A robust mass media and a vigorous active civil society are two important ingredients in a strong and healthy democracy that can curtail corruption from the society even without the political backbones. Without free media and an active civil society, there is space for enormous and unchecked political power leading to corruption and anti-democratic behavior by government officials.

This review presents evidence to suggest that independent media play a critical role in improving governance and reducing corruption, increasing economic efficiency and stability, and creating positive social and environmental change.

Corruption is not a new phenomenon to the African continent and its huge populations, it has been eating up every sphere of the continent especially corruption prone states in Africa; not to mention ours which is 169- year old. This unethical practice has grown even larger to an extent it is not only hampering development and growth on the continent but it is also hunting men and women of honesty and integrity who have made it their lifetime duty to blow loud whistles against it.

Unlike other continents, in Africa corruption is being fought or dealt with through rhetoric-with judges and law enforcement personnel being opened to bribery to compromise cases, even when there is a strong and visible evidence and fact; this fight on the continent doesn’t come with sincerity, commitment and loyalty.

Corruption appears to be the daily practice across majority of the African countries as it widely carry out and visible in the system, it is also eating up the fabric of other sectors including political institutions, schools, civil society organizations, Banks, the media, police, national and international NGOs, commercial drivers, business sector, sporting groups, churches and mosques, and banking institutions.

In this article, Nigeria, Ghana, South Africa, South Sudan, Kenya and Equatorial Guinean and Liberia are being used as a case study for several reasons. In the case of Liberia the oldest African Republic, the second Black Country in the world to declare its independence and first on the continent to elect a female President, first to produce a female President of the World Parliament (United Nations General Assembly) and the only African state to produce World Best Footballer.

On the flop side, Liberia is the only state of the 193 UN Member States that uses two unconnectedly national currencies and the United States Dollar concomitantly.   

History tells us that no matter how great a nation is, if the citizens of the nation and other nations began to lose faith in their leaders, that government or leadership could eventually fail as others around the world have in the past. No matter what the leadership’s moral or ethical makeup is, without the regime willing to address the welfare of its people and demonstrate good governance values, the government will collapse.

It’s hardly possible to accept that Africa either Liberia is poor; the continent is abundantly rich but why the continent is clustered at or near the bottom of the United Nations Human Development Index. Poverty can have a devastating effect, such as lack of food, improper health care; homelessness and lack of jobs all play a role in the effects of poverty, but top of these is the curse of bad governances, abused of national wealth  and widespread corruption. 

In this research article, my focus will be on two issues which I am convened are responsible for the backwardness of states on the African continent, compared to the rest of the other continents. A recorded number of people die each day on the African continent due purposely to extreme poverty.
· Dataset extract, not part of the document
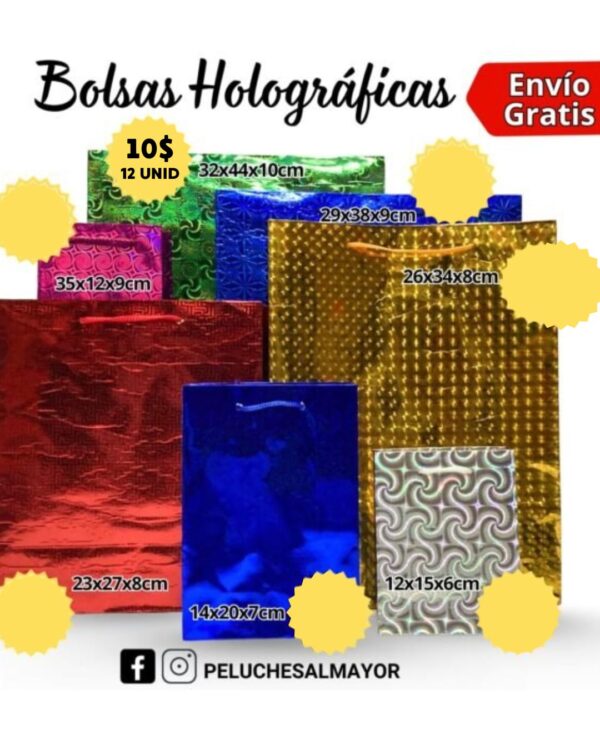 Bolsas Holograma (27x23) x12u #BH23R - Image 9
According to several findings from various studies, 14% of children in Sub Saharan African countries alone are estimated to be underweight, out of 28% of children who are underweight in all poorer nations of the world (Sotho, Why Africa is Poor, June 20, 2006.).

Majority of the crises across the African continent are direct result of the struggles for oil wealth or opposition against exclusion from resources and bad governances. The continent experienced dozen of vicious wars in several countries including the Nigeria’s Biafra war, the rebels’ war in the Democratic Republic of Congo (formally Zaire), Angola, Uganda, Somalia, Ethiopian-Eritrea war, Rwanda war between the Hutu and the Tutsi, Senegal-Casamance Region, Liberia, Sierra Leone, Somalia, Ivory Coast, Northern and Southern Sudan’s war, Kenya post election violence, Libyan, and now Mali, just to name few.

All these wars were direct results of abused of state resources and national wealth, bad governances, corruption, class system and abused of state power and authority by handful of African leaders and foreign capitalists.

This is clear from the well-known Niger Delta crisis where the struggle by the ethnic minorities for autonomy and resource control has assumed insurgent proportions with frequent attacks on oil and government interests by well-armed militias. Apart from the militias, transnational networks trading in illegal bunkering and small arms are also involved in the struggles for oil in the Niger Delta.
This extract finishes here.